Consider the eight digit number 93217648. Using only the second, fourth and sixth digits of this number, and using each of these three digits exactly once, it is possible to form a three digit number that is the square of a two digit odd number. Which of the following is that two digit odd number?

Introduction / Context:
This question combines digit selection with knowledge of perfect squares. You must first identify the specific digits from the given large number, then use them to construct possible three digit numbers. One of these numbers is a perfect square of a two digit odd integer. Finally, you need to identify which two digit odd number produces that square. This type of reasoning problem strengthens your ability to handle constraints and number properties simultaneously.

Given Data / Assumptions:

• The given number is 93217648.
• We are allowed to use only the second, fourth and sixth digits of this number.
• We must use each of these three digits exactly once to form a three digit number.
• The resulting three digit number is the square of a two digit odd number.
• The candidate two digit odd numbers in the options are 17, 19, 15, 21 and 23.

Concept / Approach:
The approach is to first extract the required digits by position, then list all permutations of those digits to see which three digit numbers can be formed. Separately, we find the squares of the given two digit odd numbers and check whether any of these squares match a number that can be formed from the chosen digits. Using properties of squares and systematic checking of permutations ensures that we do not miss the correct answer.

Step-by-Step Solution:
Write the digits of 93217648 with positions: 1: 9, 2: 3, 3: 2, 4: 1, 5: 7, 6: 6, 7: 4, 8: 8. The second digit is 3, the fourth digit is 1, and the sixth digit is 6. So the three digits available are 3, 1 and 6. List all three digit numbers that can be formed using 3, 1 and 6 exactly once: 136, 163, 316, 361, 613 and 631. Now compute the squares of the given two digit odd numbers: 17^2 = 289, 19^2 = 361, 15^2 = 225, 21^2 = 441 and 23^2 = 529. Compare these squares with the list of three digit permutations.
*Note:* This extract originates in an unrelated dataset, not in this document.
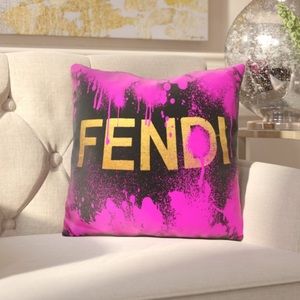 Fendi throw pillow Brand New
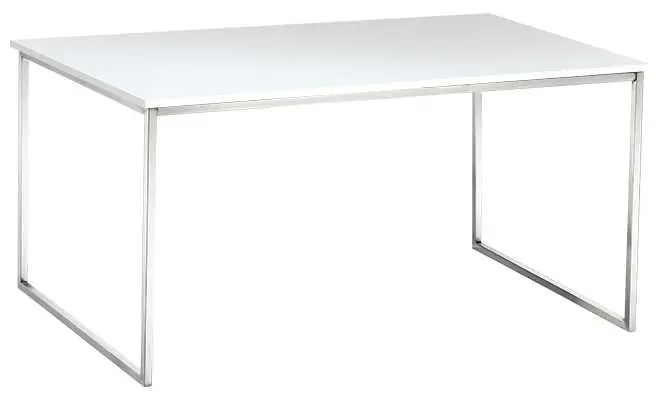 CUBE 120 stolek konferenční, kostra nerez, deska síly 18 mm - bílá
Only 361 appears in the list and is the square of 19. Therefore the required two digit odd number whose square can be formed from the digits 3, 1 and 6 is 19.

Verification / Alternative check:
To verify, note that 361 uses digits 3, 6 and 1 exactly once each, which is consistent with the constraint. Also, none of the other squares 289, 225, 441 or 529 can be formed from the digits 3, 1 and 6 because they contain digits 2, 4, 5 or 9 that are not allowed. Another quick check is to observe that 361 is a well known perfect square of 19, which further confirms our result. Hence there is no alternative match and 19 is uniquely correct.

Why Other Options Are Wrong:
Option 17 is wrong because 17^2 = 289, which uses digits 2, 8 and 9 that are not in the allowed set {1, 3, 6}. Option 15 is wrong because 15^2 = 225, which repeats the digit 2 and does not use the digit 3 at all. Option 21 is wrong because 21^2 = 441, which involves the digit 4 twice and again ignores the digits 3 and 6. Option 23 is wrong because 23^2 = 529, containing digits 5, 2 and 9, which are not the required digits.

Common Pitfalls:
A common mistake is to attempt to square random two digit odd numbers other than those supplied in the options, which wastes time. Another pitfall is to misread the positions of digits in the original number or to forget that each of the three digits must be used exactly once. Some candidates also forget to check all permutations of the digits and may wrongly discard 361. Working methodically through positions, permutations and squares is the safest approach.

Final Answer:
The two digit odd number whose square can be formed using the second, fourth and sixth digits of 93217648 is 19.